Chinese Test Emerging Legal System in Court
BEIJING (AP) _ When a magazine quoted a singing star as saying a rival criticized her at a rehearsal and accused her of having AIDS, the rival did what an increasing number of Chinese are doing: She sued.
Reporters thronged the courtroom for the trial, which ended in favor of the complainant. One reporter was evicted for allegedly breaking court rules, which caused his newspaper to sue the court.
For the first time in decades, Chinese have enough confidence in their legal system to use it to redress wrongs. The courts, long considered places for only criminal trials, are overwhelmed with civil lawsuits as people try to exercise new legal rights.
The changing attitude is reflected in the responses Xiao Wei, a Beijing lawyer, gets when he introduces himself to people. He said the most common are something like, ″When I have a lawsuit, I’ll call you.″
Taking a problem to court traditionally was considered shameful, and most disputes were settled by mediation. After the Communist takeover in 1949, lawyers and judges were purged and party policy replaced law.
When China began modernizing in 1978, however, it had to rebuild its legal system to attract foreign investors who wanted guarantees that their interests would be protected.
Wan Li, until recently chairman of the national legislature, said the government’s goal is to ″use the law to strengthen our economic reform ... so that the law is the yardstick for all economic and social activity.″
Foreign businessmen were among the first to resolve disputes in the courts, setting an example the Chinese quickly followed.
″I think it’s a function of economic reform, where people have a greater stake in protecting their economic interests,″ said Tim Gelatt, a professor at New York University who specializes in Chinese law. ″And it’s a function of an increasing sense that the legal system is there and means something and is useful.″
In the past five years, Chinese courts have seen a 9.9 percent annual increase in the number of civil cases.

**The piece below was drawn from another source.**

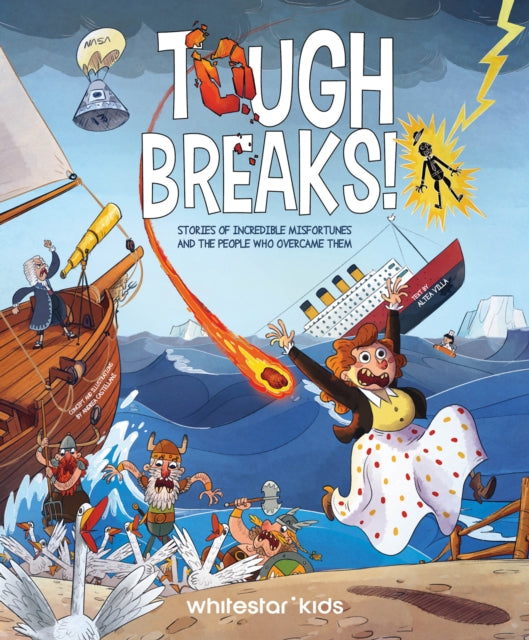Book cover of: Tough Breaks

″Today, more and more people know to use the law,″ the Legal Daily said. ″With knowledge of law, naturally there will be more lawsuits.″
But there are limits. So far, the courts have rebuffed efforts by political dissidents to sue the Communist Party and government under new civil laws for infringement of rights.
For example, the courts rejected suits filed by political prisoners Wang Juntao and Chen Zimin for better conditions and the return of personal property seized when they were arrested. They are serving 13 years each for taking part in the 1989 pro-democracy movement.
The Communist leadership has yet to reconcile the contradiction between its efforts to build a legal system and its insistence that the party remain the supreme authority.
″They are telling people, even encouraging people, to use the legal system to assert their economic rights,″ Gelatt said, ″but they have tried up to now to draw the line between those types of economic rights and political rights.″ Still, Western legal concepts are eroding Communist notions.
John Kuzmik, an American lawyer in Hong Kong who follows Chinese legal developments, said artists are adopting the Western view that their works and reputations are valuable personal property. The Communists long held that art was the common property of society.
In one case, China’s biggest rock star, Cui Jian, sued the author and publisher of a biography that he says defamed him by describing him as greedy and uncouth.
The book ″belittled me and made my commercial image very ugly,″ Cui said in an interview with China Sports News.
Cui also sued a music company for marketing a tape of his songs without permission. Several other musicians also have filed suits over pirated works.
Western lawyers say many of the defamation cases filed by movie and pop stars and other personalities would be thrown out of U.S. courts as frivolous, but that Chinese judges have little experience with such concepts.
″Definitions of libel and defamation here are not well developed,″ said Tim Steinert of Coudert Bros., a U.S. law firm.
One case the courts did reject was filed by prominent movie director Zhang Yimou and Gong Li, his girlfriend and leading lady.
They tried to sue the author and publisher of a forthcoming book about them. A Beijing court refused to hear the case on grounds that they had not been defamed because the book had not yet been distributed.